In the past, public libraries took a relatively soft approach in recovering overdue materials and collecting late fees.
These days, however, hundreds across the country have become more aggressive, retaining Unique Management Services (and others) to persuade borrowers of overdue items to settle their accounts more promptly.
The Indiana-based agency has been working for libraries since 1996.
Liner said the Augusta regional library enrolled in the agency’s Gentle Nudge program in 2005 after records showed the now two-county system loses thousands of items annually, including expensive compositions, such as art books and videotapes.
The librarian said the most popular overdue items include GED practice books, in addition to audio and video discs.
He said each item has its own shelf price, as in the retail world, and that not returning overdue items places a burden on the system and its patrons because local libraries do not have the money to regularly buy new stock.

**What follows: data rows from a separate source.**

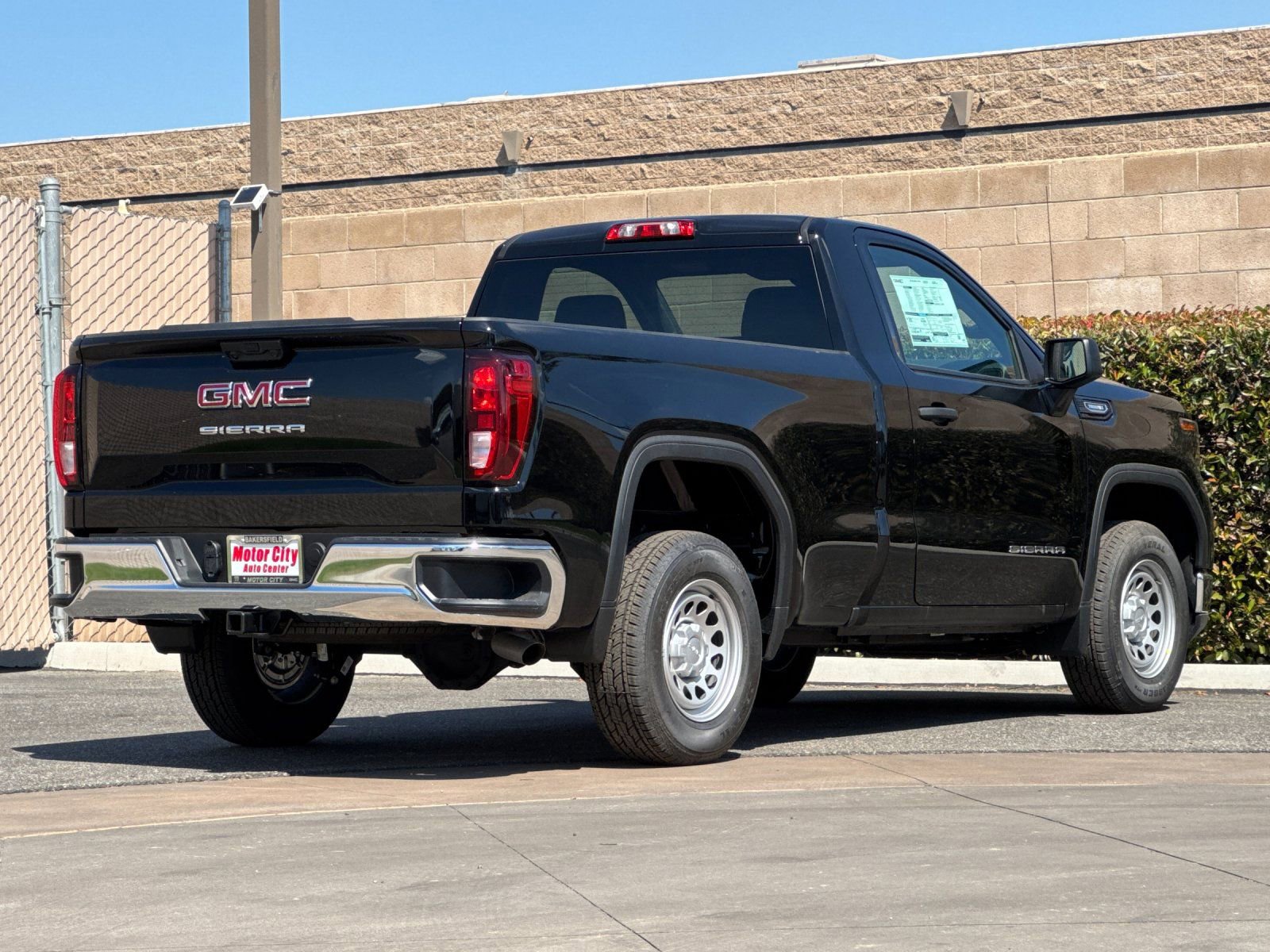 2026 GMC Sierra 1500 Pro photo 2
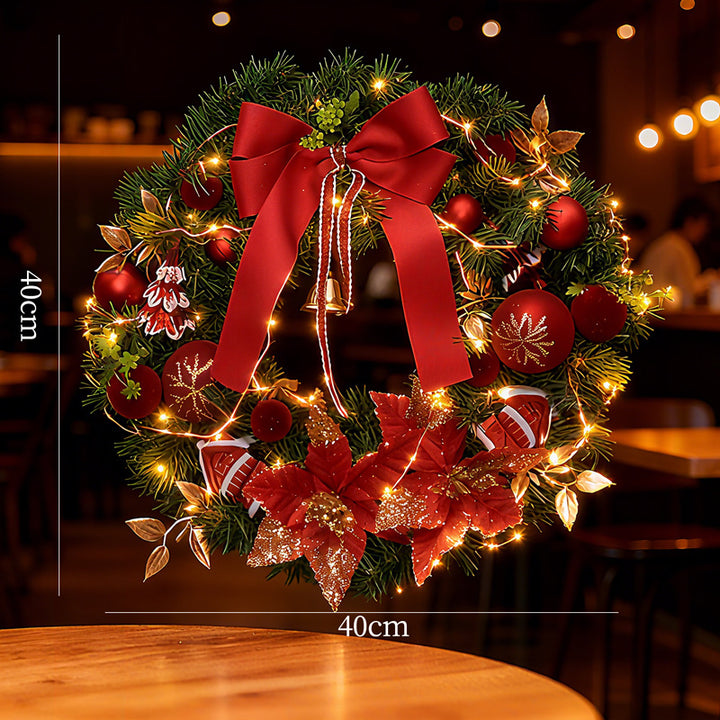 Weihnachtskranz mit Kugeln und Beleuchtung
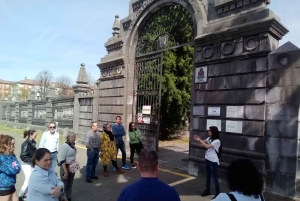 Авилес: Экскурсия по кладбищу Ла-Карриона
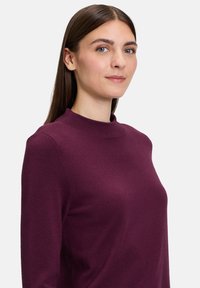 Betty Barclay BASIC-MIT STEHKRAGEN - Svetrík - dark aubergine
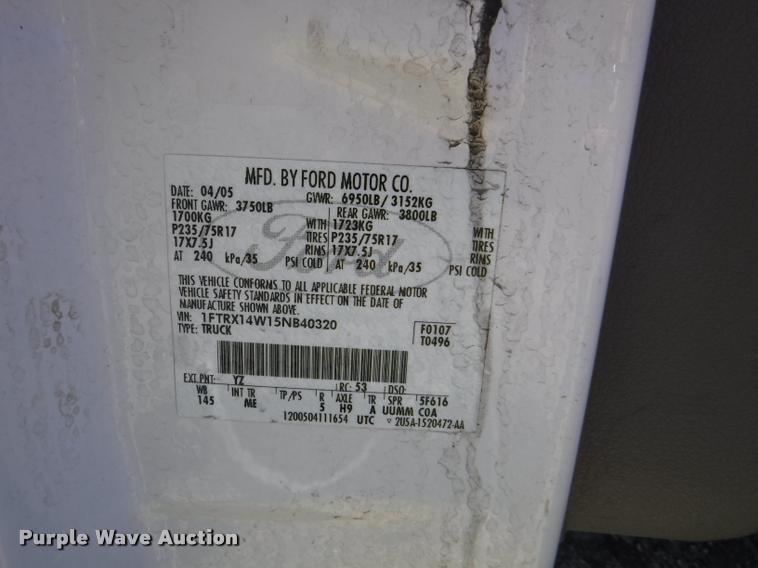 image for item DA1737 2005 Ford F150 SuperCab pickup truck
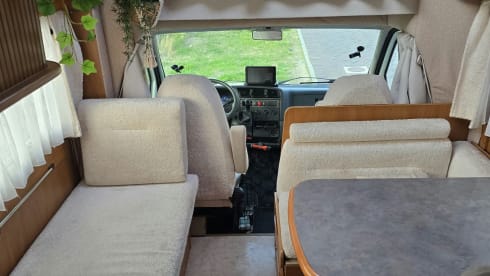 Coco – 7p Fiat alcove uit 2002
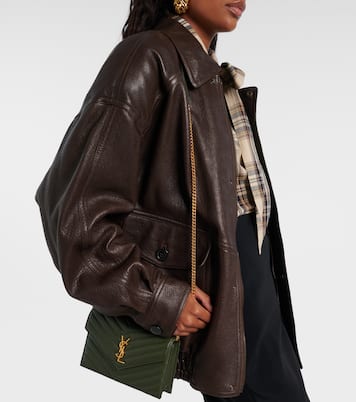 Portemonnaie mit Kettenriemen Cassandre Envelope | Saint Laurent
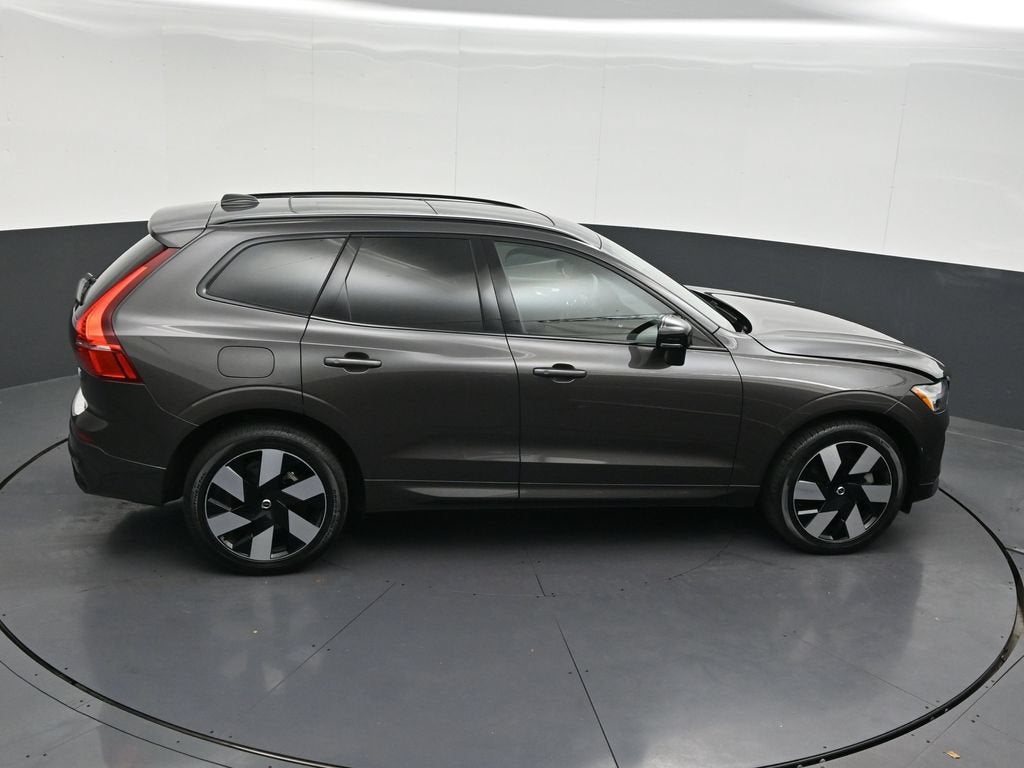 2024 Volvo XC60 Recharge Plug-In Hybrid T8 Plus Dark Theme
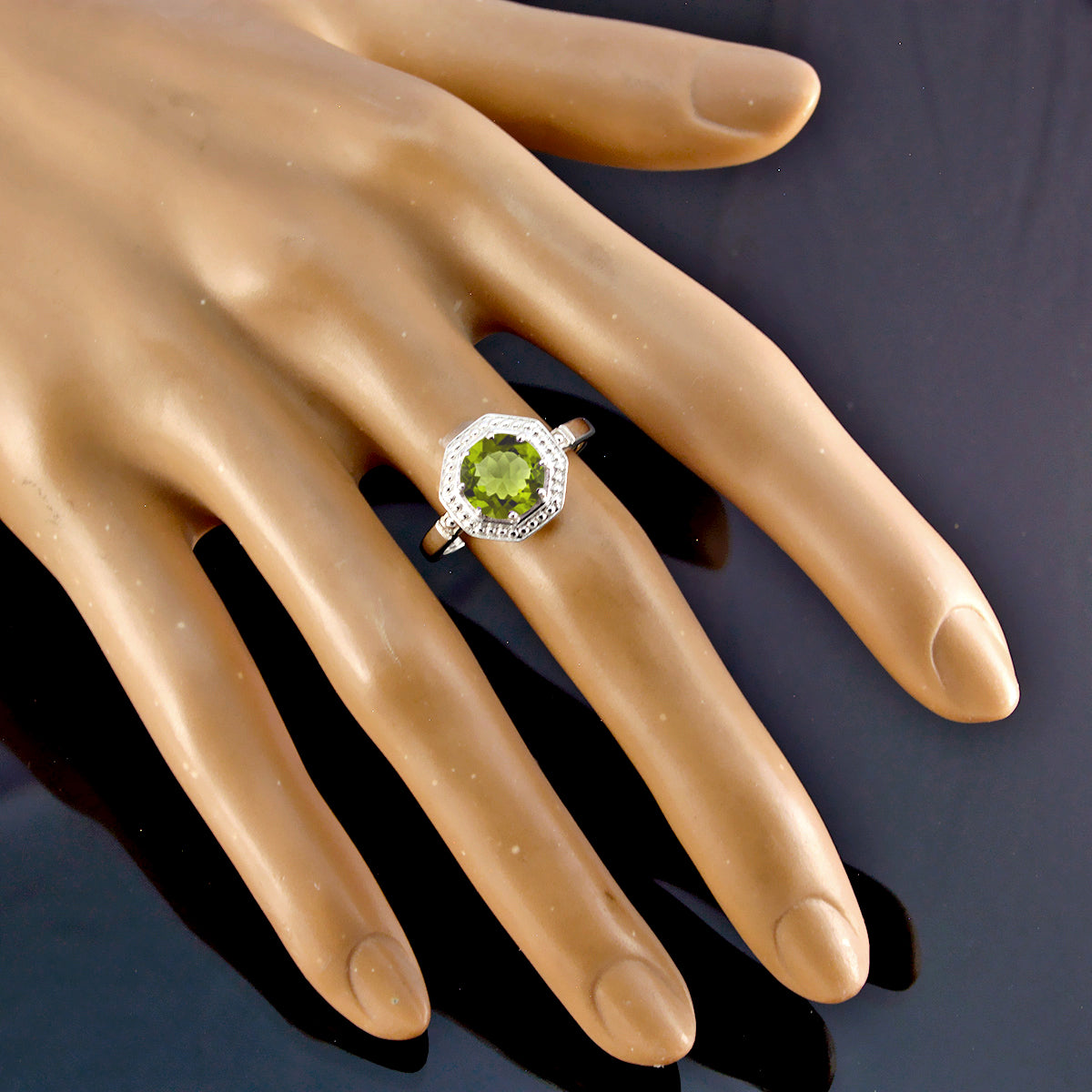 Peridot Solitaire Koreaans Sterling Zilver Groene Edelstenen Fluisterdunne Glamour Ring Sieraden Secundaire afbeelding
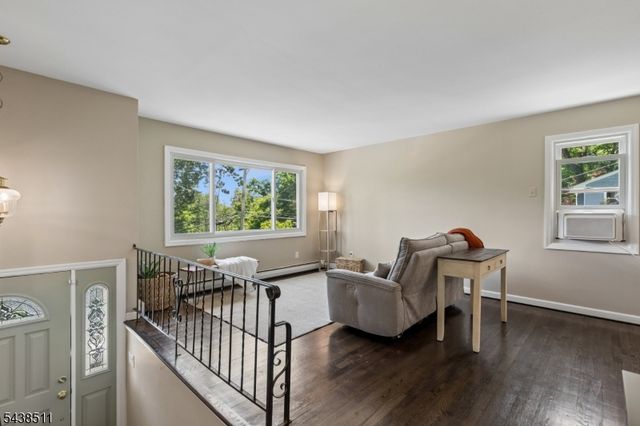 26 Valley View Dr, Rockaway Twp., NJ 07866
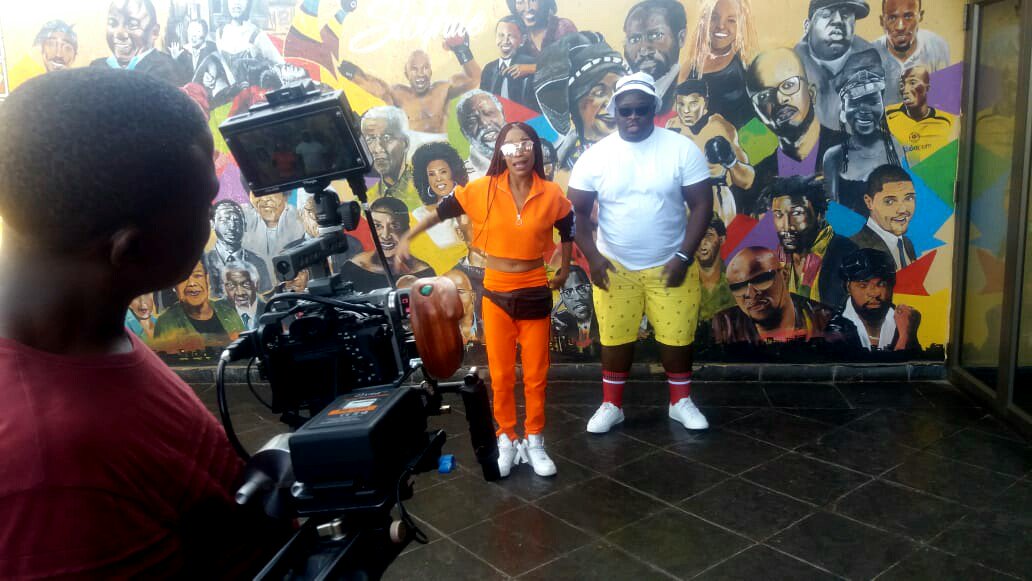 BeekayFilms's tweet image. Zwagala Behind the scene photo- link m.youtube.com/watch?v=AKhIi2… by @FifiCooperFans #MoCooper'sWork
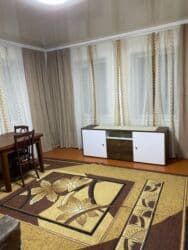 аренда дом на долгий срок: 75 кв. м, 3 бөлмө, Жылытылган, Унаа токтотуучу жай, Забор, тосулган — 1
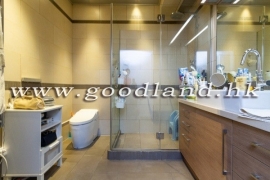 Clear Water Bay End-Unit Villa With Sea View Garden For Sale
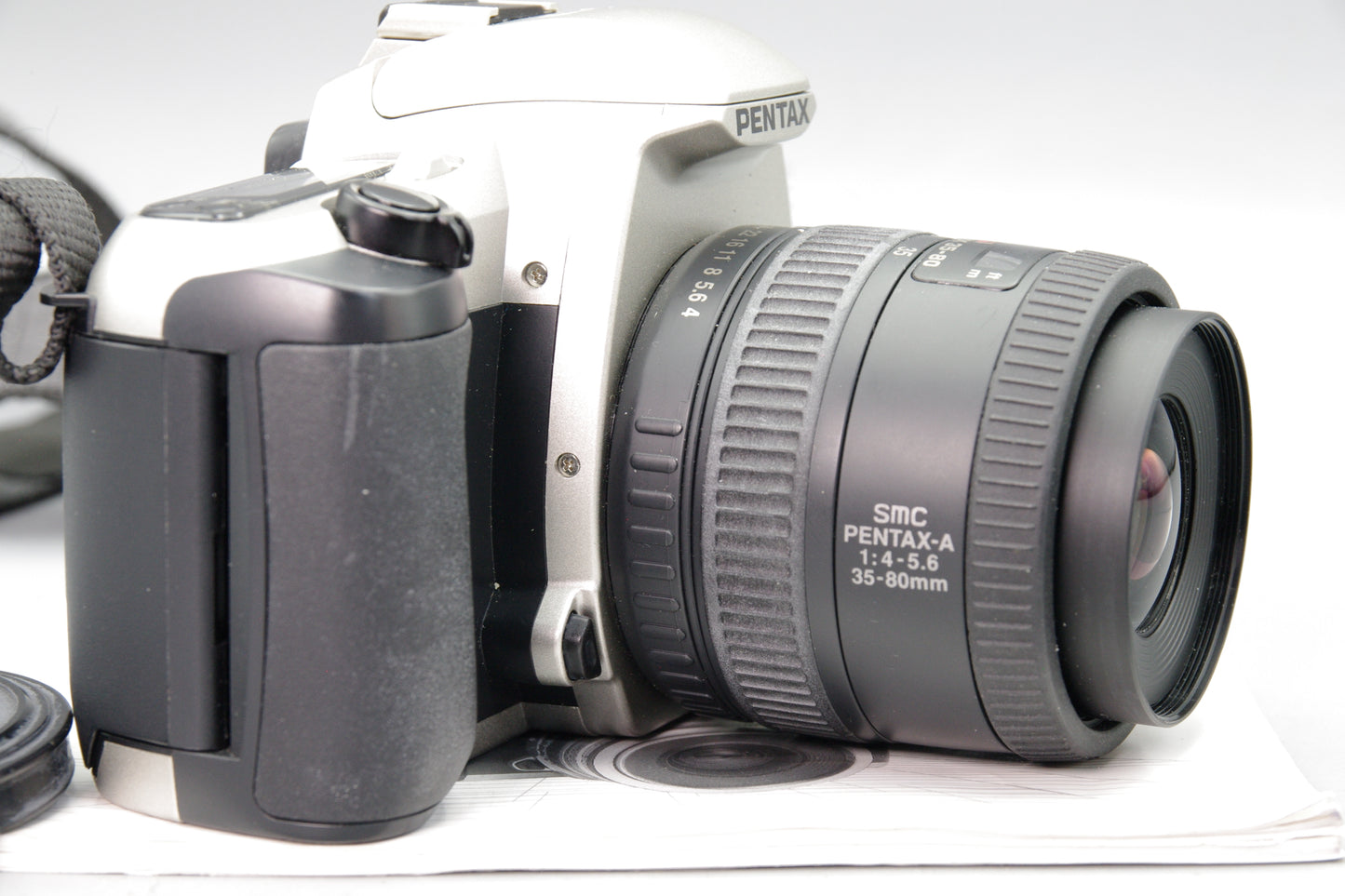 Pentax MZ‑30 35mm SLR Camera with 35‑80mm Lens – Very Good Condition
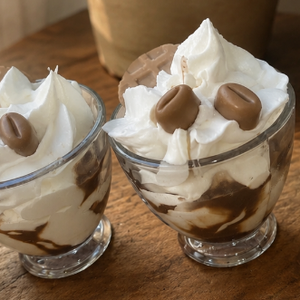Kókuszos-Vaníliás Frappuccino-gyertya - Meska.hu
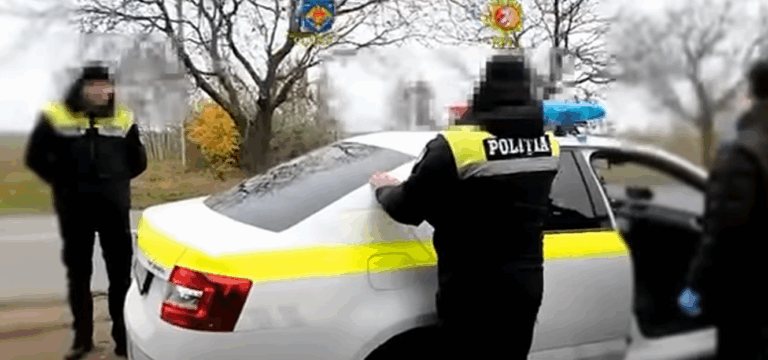 Ofițerii SPIA și procurorii PCCOCS rețin doi polițiști INSP pentru corupere pasivă, după un denunț la linia anticorupție MAI.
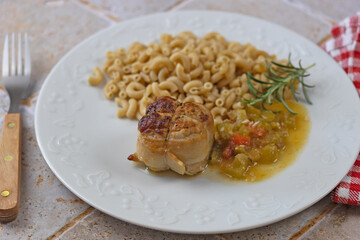 paupiette de viande et pâtes au blé complet en gros plan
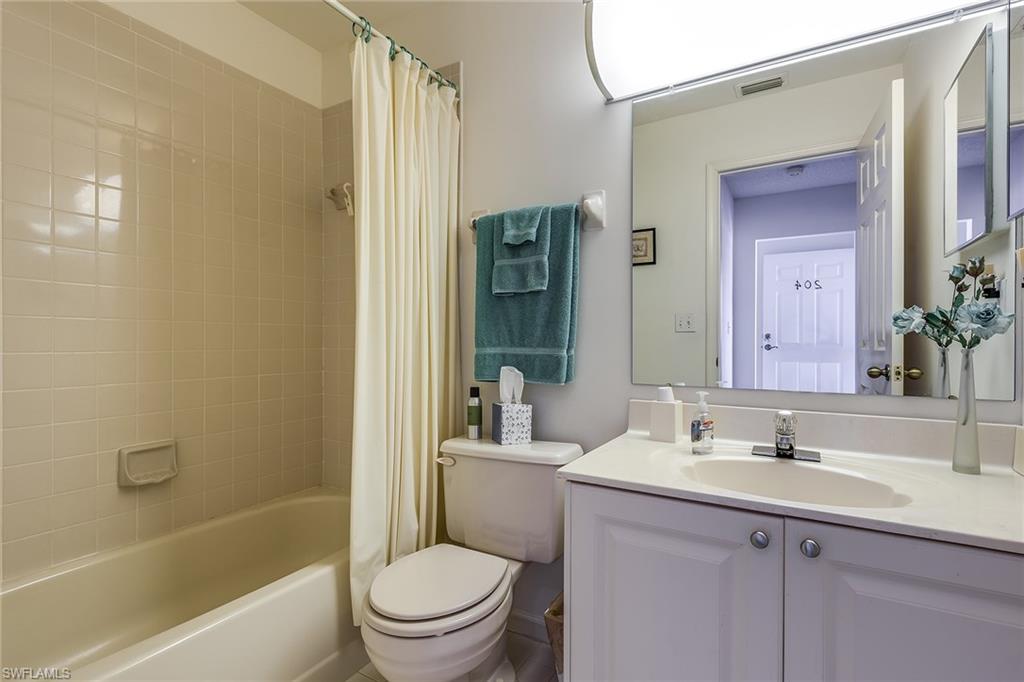 COBBLESTONE COURT - Residential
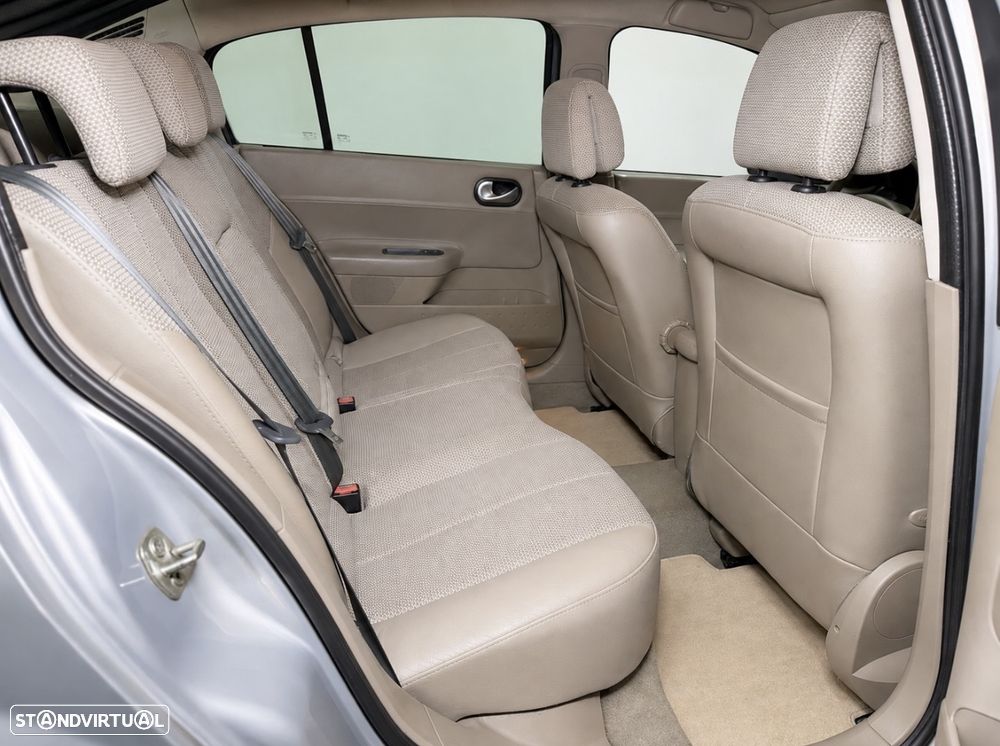 Renault Mégane 1.5 dCi Dynamique Luxe - 13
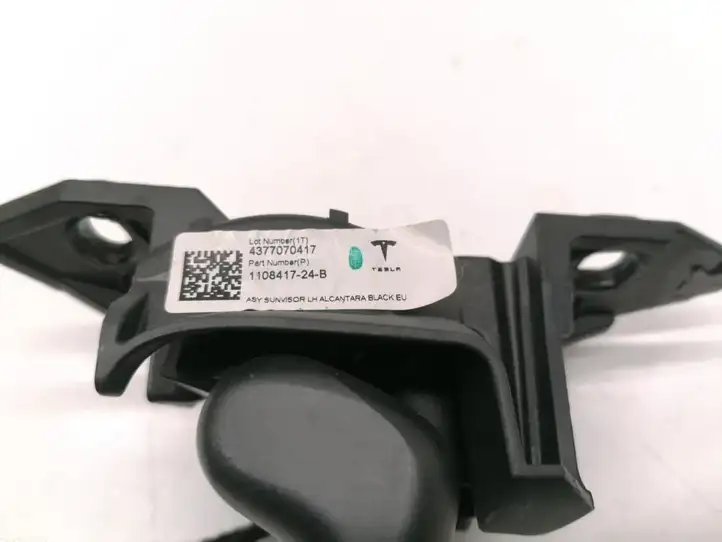 Tesla Model X (2015 - 2021) 1108417-24-B Солнцезащитный козырек — фото 3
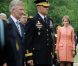 Le 26 juin, la princesse Mathilde de Belgique était le rayon de soleil de commémorations au cimetière militaire national d'Arlington.
En juin 2011, avant de songer aux vacances, le prince Philippe et la princesse Mathilde de Belgique effectuaient une mission de rapprochement économique aux Etats-Unis.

Liner said before reporting patrons to Unique Management, local librarians will issue receipts and send reminders by e-mail, telephone and regular mail when the two-week checkout period passes.
After that, the system sends a bill showing outstanding library debt to the collection agency for it to forward to credit scorers.
“The bill will show up on a person’s credit score, particularly when a person is applying for a mortgage and a car loan or filing for bankruptcy,” Liner said.
Kenis Bowling, the manager of customer development at Unique Management, said the material recovery program costs libraries less than $10 per account, a fee he said typically pays for itself in the payment of late fines alone. Sometimes, Bowling said, libraries even profit.
“It’s a win-win for everyone,” he said. Bowling said the collection service’s goal is to heal patrons’ relationships with their libraries and that most respond quickly and favorably.
Liner described the collection effort as mildly successful, but enough to pay for the costs.
“It’s a drop in the bucket,” he said. “Many times people have changed addresses or moved and will ignore overdue notices, since they are not applying for credit anytime soon. They’ll only returns the items and pay the costs when they need something.”
Liner said he doubts the library has ever – or will ever – have zero overdue items.
“Even on Day 1,” he said. “You could probably anticipate something never made it back.”